I still have bees drawing comb... but I have gone from 10... that's right... 10 drawn deep frames to over 120. Probably more than that I just quick added them up. And they've drawn a good amount of medium frames for me too maybe 40-50 of those. I don't know if that's a huge growth for an apiary... but it feels like a pretty good jump. When cutting from TBHs to Langs I wasted a disturbing amount of comb. 

Anyway... I digress. It's good you're looking ahead, but unless you've got at least 5 full size colonies that survive the winter... your queen rearing effort will be better spent elsewhere (notching and making up nucs, walk away splits (in my opinion) waste too much bee time, which is pretty much the only resource that the beekeeper cannot influence in a positive way). 
The cell builder is a drain of resources... yes.
But the bigger drain is making up the 5-10 mating nucs you're going to need. Figuring you need 2-3 frames for each mating nuc... there goes 15-30 combs... which is probably somewhere in the neighborhood of *all the comb you currently have*. Which was space for your queens in their prime, but will now need to be drawn by young bees... which you just took from colonies to make mating nucs.
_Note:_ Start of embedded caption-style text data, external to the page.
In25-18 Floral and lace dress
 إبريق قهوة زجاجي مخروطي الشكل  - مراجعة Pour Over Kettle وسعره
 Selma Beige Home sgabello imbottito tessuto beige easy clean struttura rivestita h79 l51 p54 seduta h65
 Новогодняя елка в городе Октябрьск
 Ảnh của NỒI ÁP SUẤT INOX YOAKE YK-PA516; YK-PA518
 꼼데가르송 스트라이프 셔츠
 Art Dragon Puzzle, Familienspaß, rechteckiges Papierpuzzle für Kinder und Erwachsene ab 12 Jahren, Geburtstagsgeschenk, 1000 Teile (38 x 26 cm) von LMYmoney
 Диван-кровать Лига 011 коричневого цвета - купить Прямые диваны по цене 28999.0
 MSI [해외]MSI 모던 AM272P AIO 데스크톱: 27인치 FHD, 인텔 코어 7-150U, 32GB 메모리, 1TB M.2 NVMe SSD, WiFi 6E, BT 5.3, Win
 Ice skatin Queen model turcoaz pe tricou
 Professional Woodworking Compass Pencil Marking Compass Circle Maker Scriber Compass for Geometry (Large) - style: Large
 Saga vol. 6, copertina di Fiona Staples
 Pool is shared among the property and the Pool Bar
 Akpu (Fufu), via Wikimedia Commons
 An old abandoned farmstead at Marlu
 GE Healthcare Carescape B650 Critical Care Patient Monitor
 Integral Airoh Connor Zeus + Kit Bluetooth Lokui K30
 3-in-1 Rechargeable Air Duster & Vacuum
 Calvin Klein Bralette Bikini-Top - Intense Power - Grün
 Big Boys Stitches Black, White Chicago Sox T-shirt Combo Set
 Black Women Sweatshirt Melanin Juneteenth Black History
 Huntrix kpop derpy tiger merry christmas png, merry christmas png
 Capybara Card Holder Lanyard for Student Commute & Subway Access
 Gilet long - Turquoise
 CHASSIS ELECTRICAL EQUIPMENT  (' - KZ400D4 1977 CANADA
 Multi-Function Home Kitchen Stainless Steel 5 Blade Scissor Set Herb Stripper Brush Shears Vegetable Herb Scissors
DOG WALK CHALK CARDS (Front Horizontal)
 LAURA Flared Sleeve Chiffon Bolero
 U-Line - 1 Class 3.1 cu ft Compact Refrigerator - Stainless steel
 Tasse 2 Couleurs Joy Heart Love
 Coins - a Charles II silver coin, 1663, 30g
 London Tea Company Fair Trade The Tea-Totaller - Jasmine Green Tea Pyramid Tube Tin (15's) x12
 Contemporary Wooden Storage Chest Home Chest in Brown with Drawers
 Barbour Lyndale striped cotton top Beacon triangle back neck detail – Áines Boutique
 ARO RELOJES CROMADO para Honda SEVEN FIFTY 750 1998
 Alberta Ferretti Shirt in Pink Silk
Not to mention that the bees in the mating nucs are almost... "wasted" in the sense that you'll be tying up young bees and weakening other colonies which slows down their comb building/honey storage/build up/everything and you probably won't have the resources to make the mating nucs big enough to be "stand alone" so they'll either need to be combined once the queen is ready or they'll need to be boosted with capped brood from your bigger colonies.

And if they swarm on you... forget about it.  Focus on winter for now. Focus on staying out of your colonies that are trying to get queens raised (they all sit on the edge of a knife... you can't afford a setback in any of them if you expect them to overwinter). And start buying sugar to feed feed feed this fall. Focus on learning swarm prevention. Read about opening the brood nest (Matt Davey thread in Beekeeping 101) without drawn comb, because you won't have the drawn comb you need to adequately prevent swarming leading up to June.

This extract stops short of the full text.